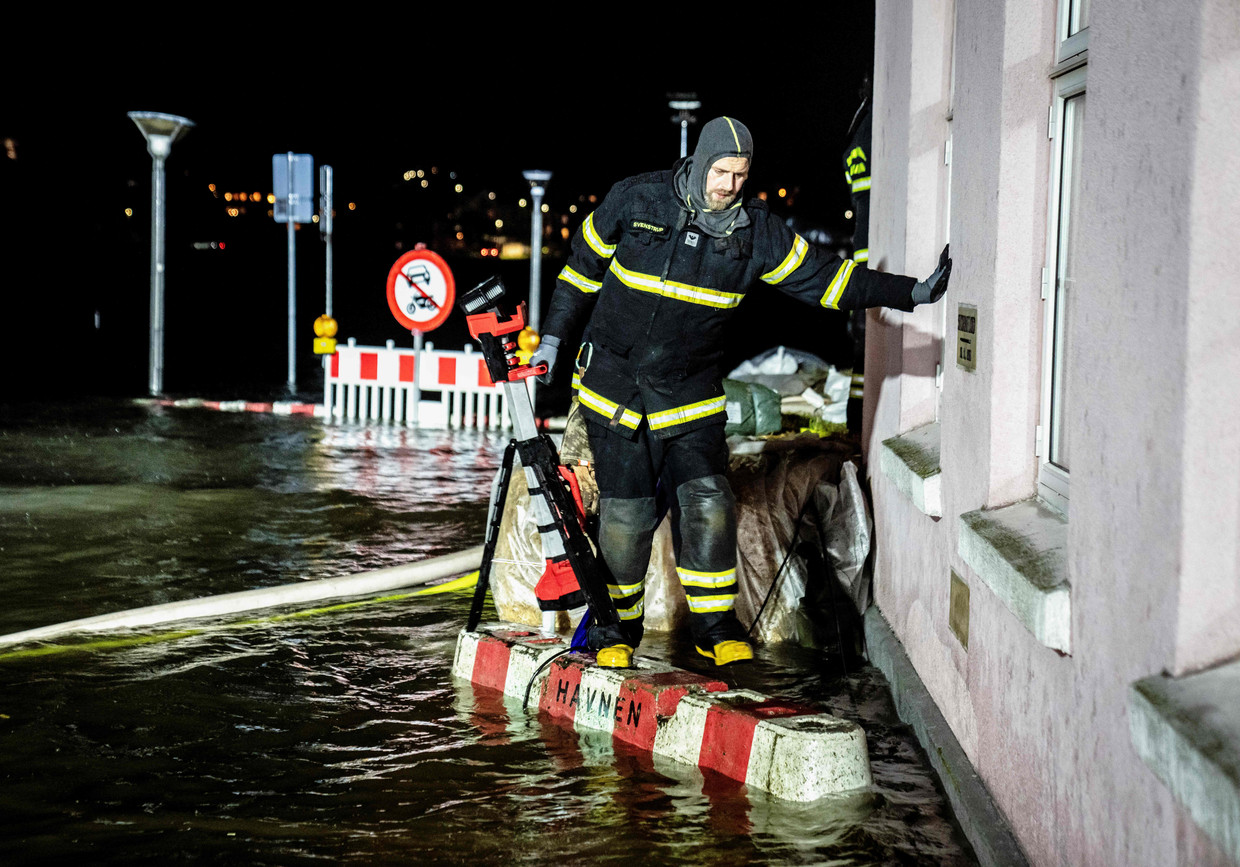 A firefighter works on a street in Sønderborg, southern Denmark.  Photo by Agence France-Presse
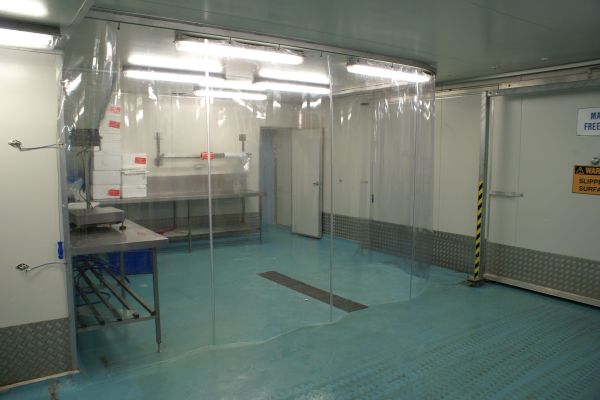 A PVC screen separating a work area in a food processing factory.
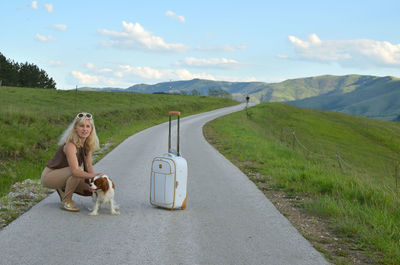 Woman and her dog, with suitcase on a mountain road in late afternoon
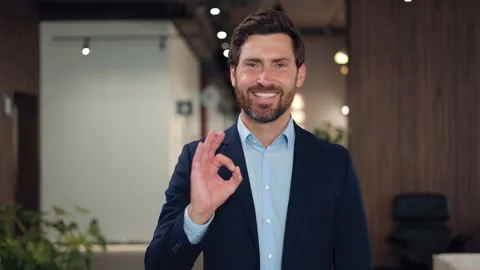 Businessman showing ok gesture while expressing positive emotion at office 스톡 동영상 251802913
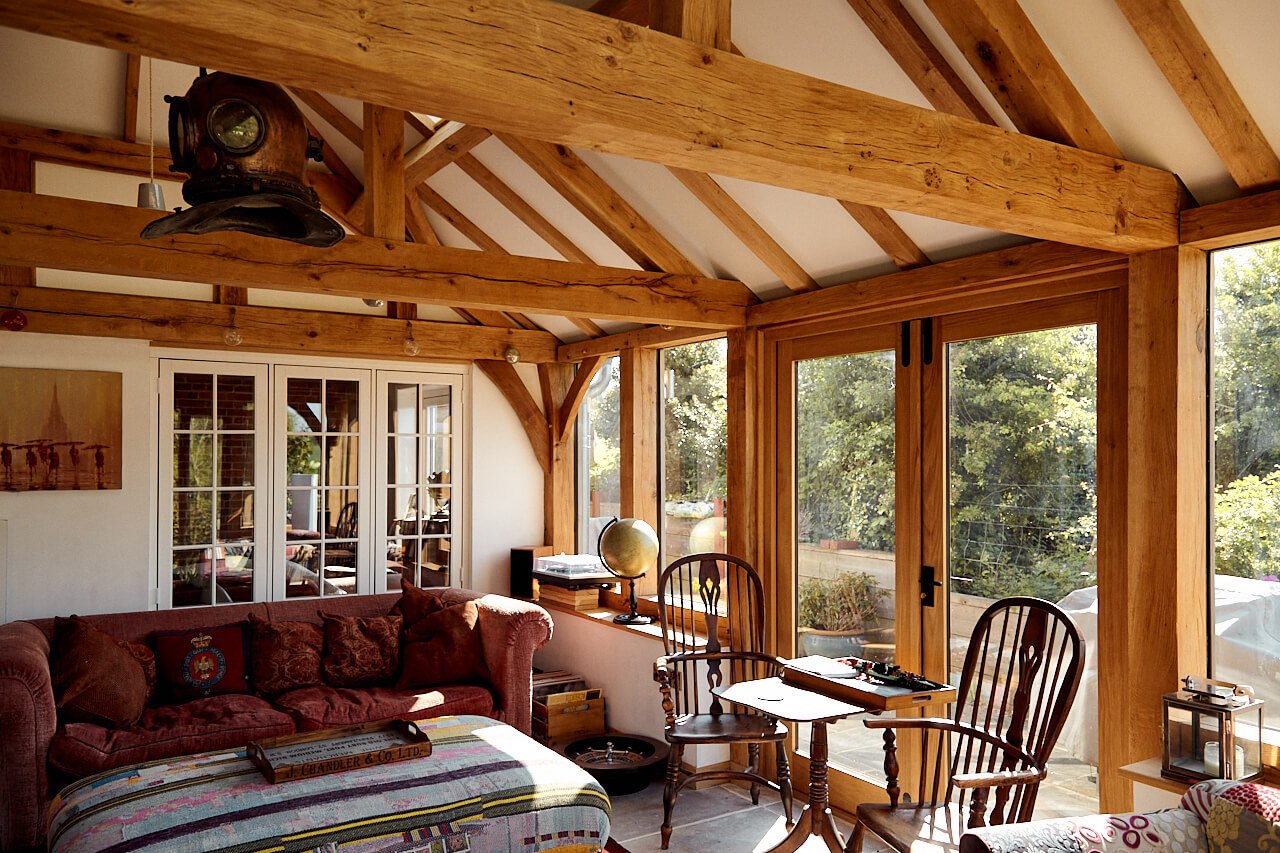 Sunlit living room in an oak framed house extension, with wooden beams, glass doors, a red sofa, a globe, wooden chairs, and various decorations. Large windows reveal a garden outside.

┄┄┄┄┄┄┄┄┄┄┄┄┄┄┄┄┄┄┄┄

_Work request:_ Would you repeat the entries exactly, keeping the images out?

_Task solution:_
 A firefighter works on a street in Sønderborg, southern Denmark.  Photo by Agence France-Presse
 A PVC screen separating a work area in a food processing factory.
 Woman and her dog, with suitcase on a mountain road in late afternoon
 Businessman showing ok gesture while expressing positive emotion at office 스톡 동영상 251802913
 Sunlit living room in an oak framed house extension, with wooden beams, glass doors, a red sofa, a globe, wooden chairs, and various decorations. Large windows reveal a garden outside.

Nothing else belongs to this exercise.